◆ **Input**:
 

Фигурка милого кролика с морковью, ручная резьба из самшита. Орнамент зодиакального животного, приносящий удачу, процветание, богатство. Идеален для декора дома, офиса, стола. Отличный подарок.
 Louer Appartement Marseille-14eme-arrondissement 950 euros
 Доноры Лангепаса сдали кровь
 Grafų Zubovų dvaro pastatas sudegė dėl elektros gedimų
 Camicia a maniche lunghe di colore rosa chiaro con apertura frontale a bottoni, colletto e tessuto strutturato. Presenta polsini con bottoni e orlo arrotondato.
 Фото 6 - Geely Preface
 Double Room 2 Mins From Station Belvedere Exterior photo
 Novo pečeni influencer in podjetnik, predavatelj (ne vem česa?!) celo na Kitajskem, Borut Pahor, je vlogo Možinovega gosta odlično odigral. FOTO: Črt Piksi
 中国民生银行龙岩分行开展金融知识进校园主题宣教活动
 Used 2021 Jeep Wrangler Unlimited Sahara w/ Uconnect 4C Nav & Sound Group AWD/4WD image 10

...

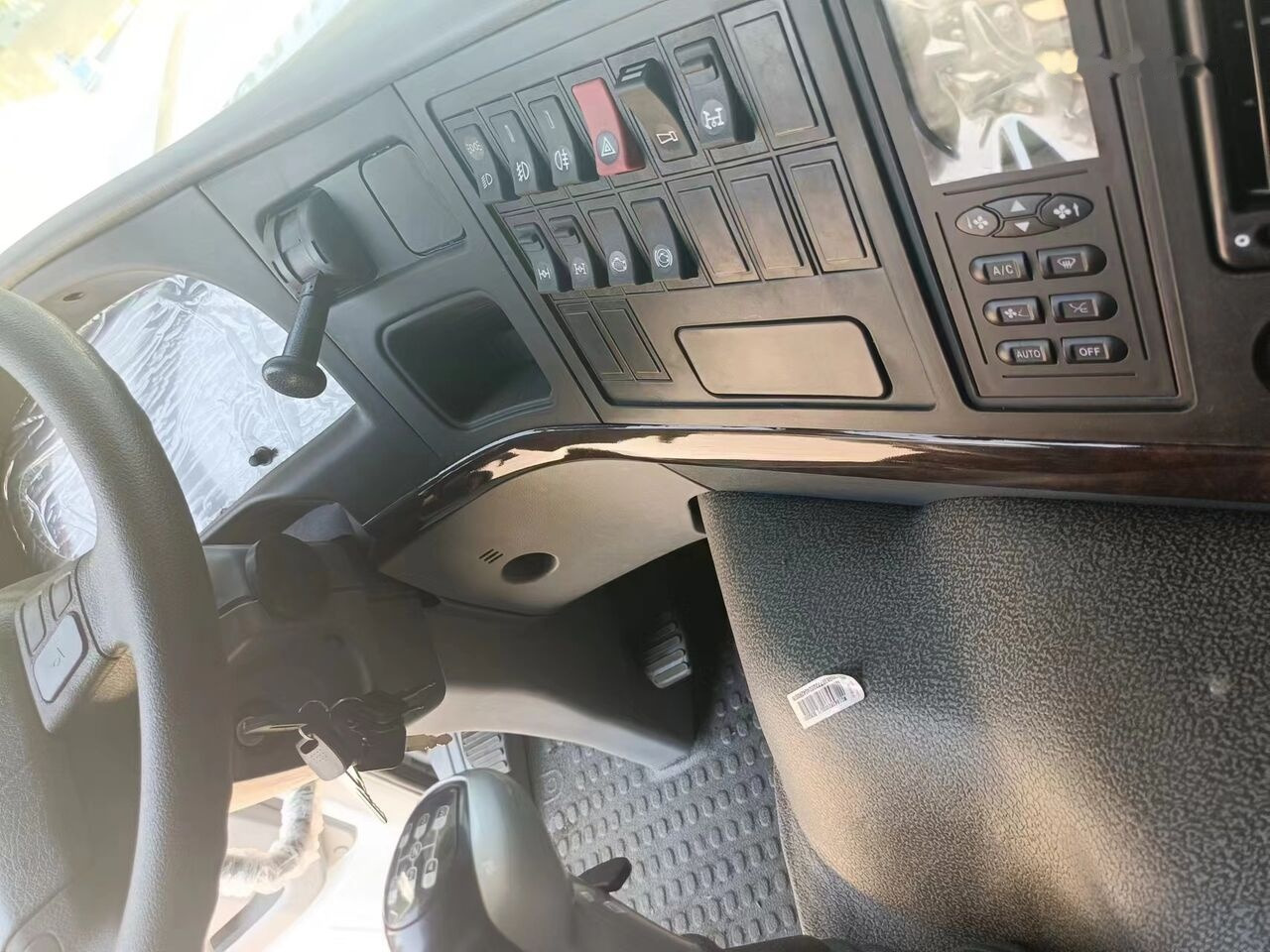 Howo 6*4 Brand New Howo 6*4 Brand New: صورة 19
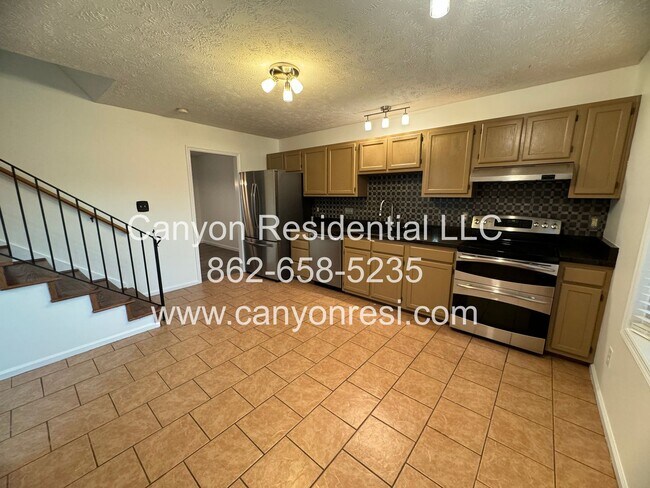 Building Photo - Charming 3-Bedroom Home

* * *

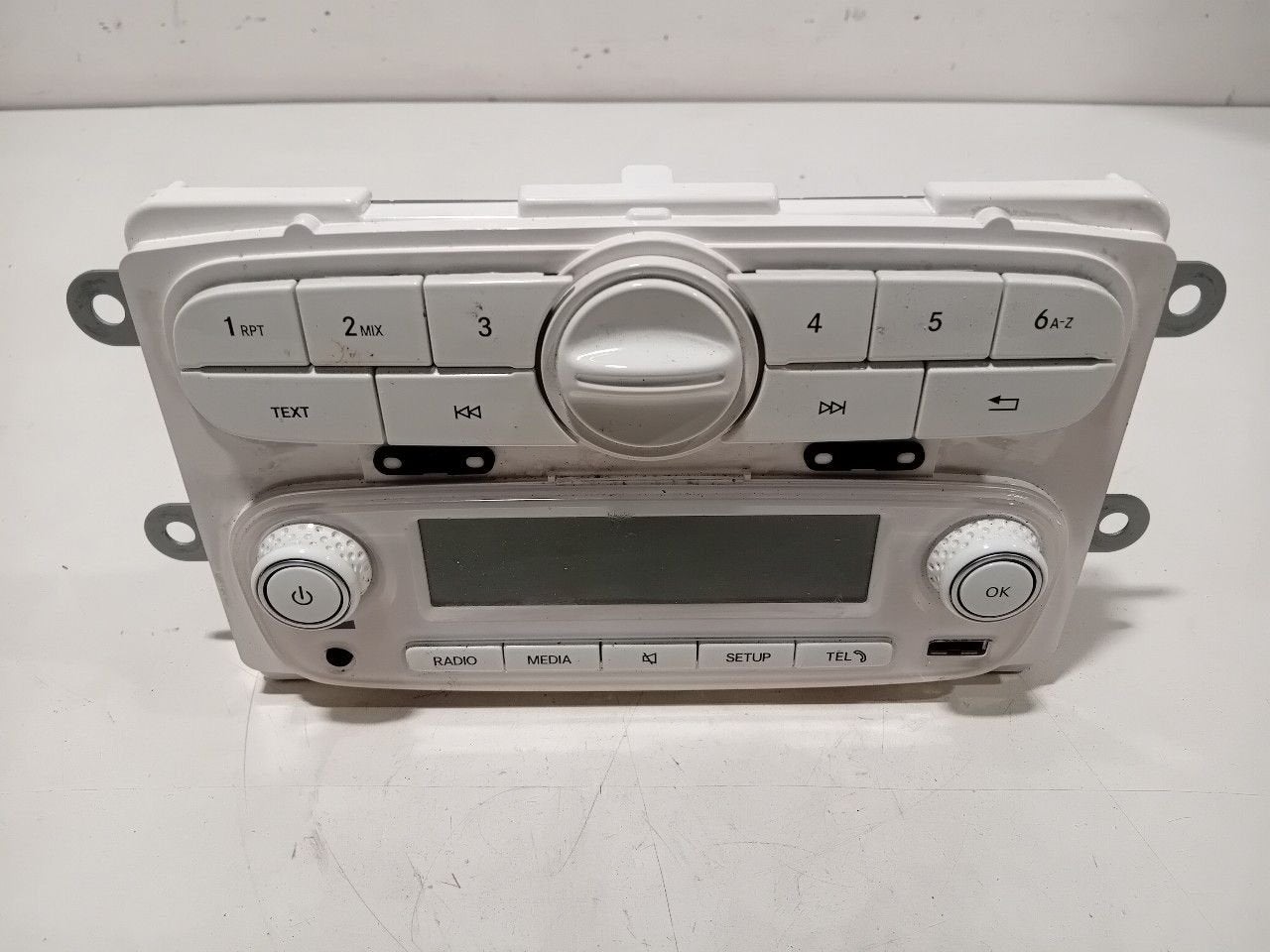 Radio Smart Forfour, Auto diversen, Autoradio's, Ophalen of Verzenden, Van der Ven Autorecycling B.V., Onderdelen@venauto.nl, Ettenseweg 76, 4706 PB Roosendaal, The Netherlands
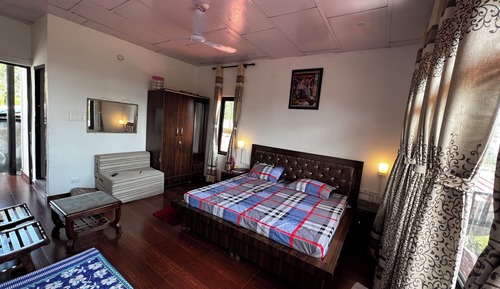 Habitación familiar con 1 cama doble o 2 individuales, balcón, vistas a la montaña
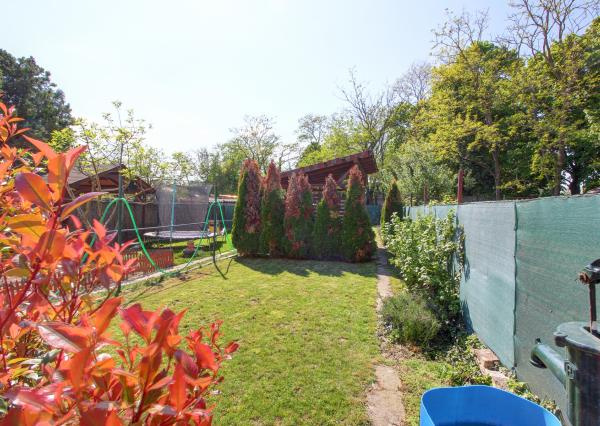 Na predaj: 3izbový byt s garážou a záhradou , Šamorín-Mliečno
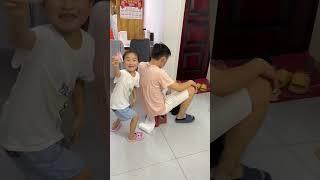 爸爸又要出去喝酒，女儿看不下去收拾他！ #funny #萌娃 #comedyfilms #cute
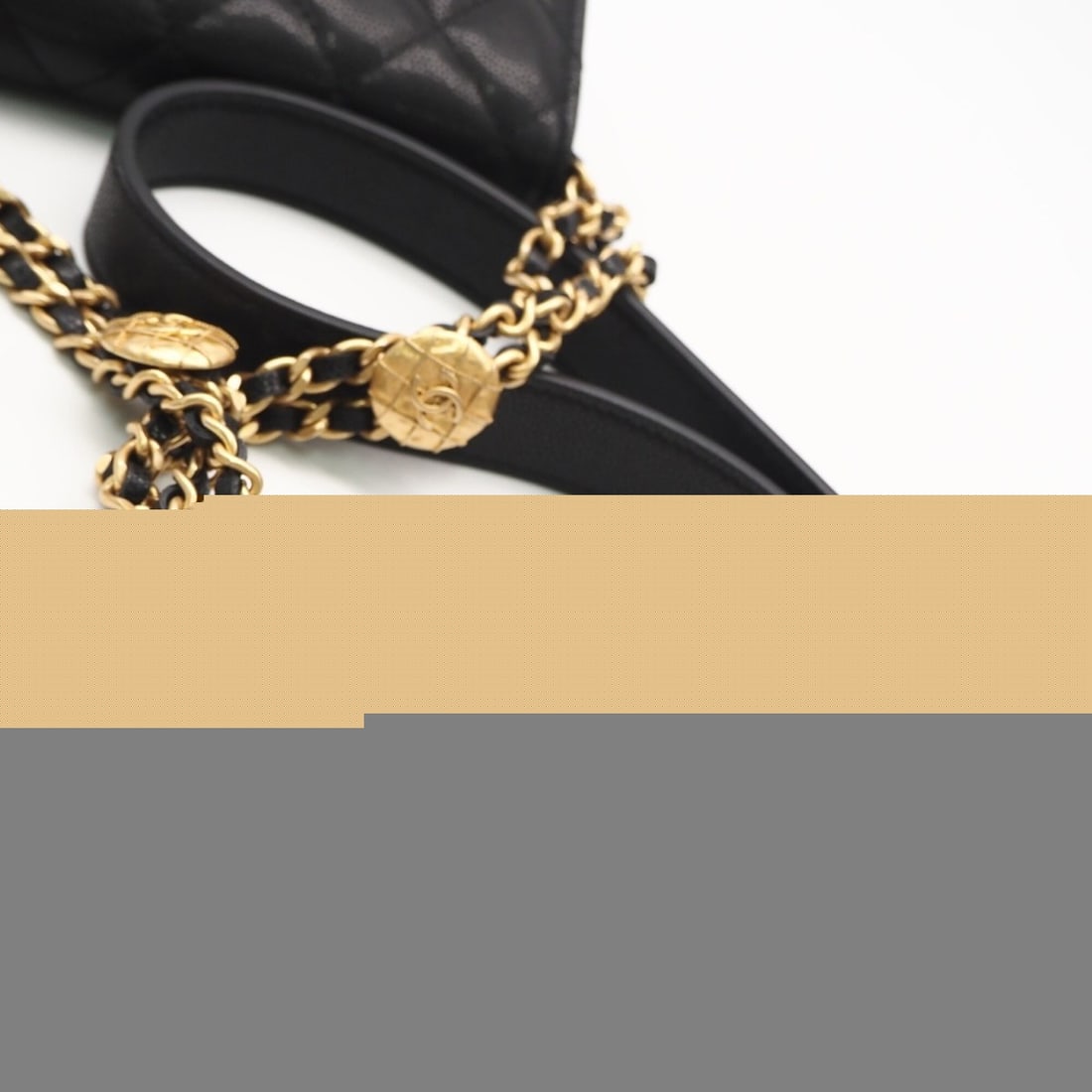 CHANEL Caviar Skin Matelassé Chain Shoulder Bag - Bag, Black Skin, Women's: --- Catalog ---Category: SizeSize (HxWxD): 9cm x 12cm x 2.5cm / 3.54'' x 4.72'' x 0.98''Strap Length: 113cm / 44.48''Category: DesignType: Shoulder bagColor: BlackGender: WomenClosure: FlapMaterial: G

◆ **Exercise details**: An exact, complete copy of the lines above from the one with "Grafų Zubovų dvaro" through the one with "Used 2021 Jeep" is the whole answer.

◆ **Solved problem**:
 Grafų Zubovų dvaro pastatas sudegė dėl elektros gedimų
 Camicia a maniche lunghe di colore rosa chiaro con apertura frontale a bottoni, colletto e tessuto strutturato. Presenta polsini con bottoni e orlo arrotondato.
 Фото 6 - Geely Preface
 Double Room 2 Mins From Station Belvedere Exterior photo
 Novo pečeni influencer in podjetnik, predavatelj (ne vem česa?!) celo na Kitajskem, Borut Pahor, je vlogo Možinovega gosta odlično odigral. FOTO: Črt Piksi
 中国民生银行龙岩分行开展金融知识进校园主题宣教活动
 Used 2021 Jeep Wrangler Unlimited Sahara w/ Uconnect 4C Nav & Sound Group AWD/4WD image 10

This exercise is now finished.